Homily, 22nd Sunday in Ordinary Time, Deacon Blaine Barclay

The common theme for today’s readings is the temptation to flee from suffering. Making sense out of suffering, unpacking the meaning of suffering, and especially the suffering of our loved ones, is one of life’s most difficult struggles. Sometimes, there is no making sense of it, it remains one of life’s bottomless experiences. It has a built-in opacity, there can be no explaining it away. And yet suffering is inescapable, to be born is to suffer. So perhaps it has something to teach us. We look to our readings for a clue.

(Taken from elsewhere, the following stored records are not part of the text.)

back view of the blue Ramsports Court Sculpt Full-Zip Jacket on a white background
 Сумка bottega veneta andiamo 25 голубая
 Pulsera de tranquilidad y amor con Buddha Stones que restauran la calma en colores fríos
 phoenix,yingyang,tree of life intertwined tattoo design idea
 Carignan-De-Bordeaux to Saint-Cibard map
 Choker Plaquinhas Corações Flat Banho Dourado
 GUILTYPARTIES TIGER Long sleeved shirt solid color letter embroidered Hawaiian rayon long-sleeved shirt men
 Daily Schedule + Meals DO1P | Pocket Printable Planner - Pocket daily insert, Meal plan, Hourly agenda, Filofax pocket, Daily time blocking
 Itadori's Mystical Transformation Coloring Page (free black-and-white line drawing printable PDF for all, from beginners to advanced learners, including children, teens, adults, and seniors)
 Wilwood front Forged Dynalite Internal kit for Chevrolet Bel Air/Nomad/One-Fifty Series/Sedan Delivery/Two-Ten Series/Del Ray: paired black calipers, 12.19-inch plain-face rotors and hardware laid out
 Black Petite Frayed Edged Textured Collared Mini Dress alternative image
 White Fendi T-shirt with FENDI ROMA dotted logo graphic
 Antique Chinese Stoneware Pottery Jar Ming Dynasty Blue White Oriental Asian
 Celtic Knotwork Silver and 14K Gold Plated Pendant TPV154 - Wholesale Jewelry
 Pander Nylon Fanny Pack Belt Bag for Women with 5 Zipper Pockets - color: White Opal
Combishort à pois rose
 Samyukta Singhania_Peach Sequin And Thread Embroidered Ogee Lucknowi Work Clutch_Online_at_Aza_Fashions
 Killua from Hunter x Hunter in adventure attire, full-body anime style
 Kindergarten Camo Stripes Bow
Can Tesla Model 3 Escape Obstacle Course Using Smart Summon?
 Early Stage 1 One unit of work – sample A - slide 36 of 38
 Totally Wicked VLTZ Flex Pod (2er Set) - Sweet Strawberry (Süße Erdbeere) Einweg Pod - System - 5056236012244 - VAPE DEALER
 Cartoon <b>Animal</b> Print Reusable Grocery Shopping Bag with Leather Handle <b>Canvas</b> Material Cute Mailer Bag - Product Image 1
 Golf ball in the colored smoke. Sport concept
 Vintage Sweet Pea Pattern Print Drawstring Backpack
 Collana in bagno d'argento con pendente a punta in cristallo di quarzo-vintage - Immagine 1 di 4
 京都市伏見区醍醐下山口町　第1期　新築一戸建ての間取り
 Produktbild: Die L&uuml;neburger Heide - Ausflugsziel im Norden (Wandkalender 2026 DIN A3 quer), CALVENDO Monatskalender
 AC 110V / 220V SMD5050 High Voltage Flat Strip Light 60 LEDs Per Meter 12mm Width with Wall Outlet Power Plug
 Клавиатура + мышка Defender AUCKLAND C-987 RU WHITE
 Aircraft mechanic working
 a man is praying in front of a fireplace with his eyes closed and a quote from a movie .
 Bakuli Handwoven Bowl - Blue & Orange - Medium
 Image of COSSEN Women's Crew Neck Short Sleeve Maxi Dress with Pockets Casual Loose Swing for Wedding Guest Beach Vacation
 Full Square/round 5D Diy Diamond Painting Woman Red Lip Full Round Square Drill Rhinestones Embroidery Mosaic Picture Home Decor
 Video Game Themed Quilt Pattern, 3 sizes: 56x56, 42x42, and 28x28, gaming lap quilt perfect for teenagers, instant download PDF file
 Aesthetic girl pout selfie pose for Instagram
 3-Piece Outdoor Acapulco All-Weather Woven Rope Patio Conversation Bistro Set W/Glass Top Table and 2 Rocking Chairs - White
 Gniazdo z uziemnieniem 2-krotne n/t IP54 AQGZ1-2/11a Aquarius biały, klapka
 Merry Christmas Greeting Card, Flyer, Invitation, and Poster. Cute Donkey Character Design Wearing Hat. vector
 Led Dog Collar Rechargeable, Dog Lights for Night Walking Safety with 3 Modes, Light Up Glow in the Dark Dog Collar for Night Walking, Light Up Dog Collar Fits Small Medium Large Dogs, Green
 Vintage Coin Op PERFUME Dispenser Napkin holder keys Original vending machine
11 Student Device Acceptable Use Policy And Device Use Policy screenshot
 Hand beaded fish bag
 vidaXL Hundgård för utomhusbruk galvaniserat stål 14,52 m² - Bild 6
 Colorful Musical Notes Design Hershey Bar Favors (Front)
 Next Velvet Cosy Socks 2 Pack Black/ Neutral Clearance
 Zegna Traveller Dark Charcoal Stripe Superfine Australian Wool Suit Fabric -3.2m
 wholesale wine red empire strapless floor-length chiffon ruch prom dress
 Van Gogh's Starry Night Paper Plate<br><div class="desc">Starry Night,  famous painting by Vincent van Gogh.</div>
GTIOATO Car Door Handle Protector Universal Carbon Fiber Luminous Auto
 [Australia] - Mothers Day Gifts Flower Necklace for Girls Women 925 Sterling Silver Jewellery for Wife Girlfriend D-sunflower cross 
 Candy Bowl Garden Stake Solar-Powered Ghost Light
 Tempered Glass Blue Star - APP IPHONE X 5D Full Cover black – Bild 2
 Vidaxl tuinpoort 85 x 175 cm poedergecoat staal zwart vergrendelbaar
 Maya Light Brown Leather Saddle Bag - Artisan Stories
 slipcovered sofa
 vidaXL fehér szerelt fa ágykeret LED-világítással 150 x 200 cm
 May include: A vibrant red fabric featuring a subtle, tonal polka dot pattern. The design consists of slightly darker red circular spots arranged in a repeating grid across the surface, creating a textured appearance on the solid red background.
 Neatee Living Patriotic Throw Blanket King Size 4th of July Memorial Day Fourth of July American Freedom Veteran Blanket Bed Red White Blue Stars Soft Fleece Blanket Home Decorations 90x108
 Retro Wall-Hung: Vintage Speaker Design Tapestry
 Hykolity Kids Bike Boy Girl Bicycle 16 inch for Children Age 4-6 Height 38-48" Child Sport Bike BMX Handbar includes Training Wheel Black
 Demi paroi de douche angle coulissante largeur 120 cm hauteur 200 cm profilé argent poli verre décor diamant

I love the opening line from the Prophet Jeremiah today. It provides the context for all of our struggles. “O Lord, you have enticed me, and I was enticed”. The Jerusalem Bible says, ‘‘you have seduced me, and I was seduced; you have overpowered me, and you have prevailed”. There is a certain way that God’s self-communication in grace is irresistible. Such is God’s Beauty and attraction, the delight of the invitation into intimacy with the Lord.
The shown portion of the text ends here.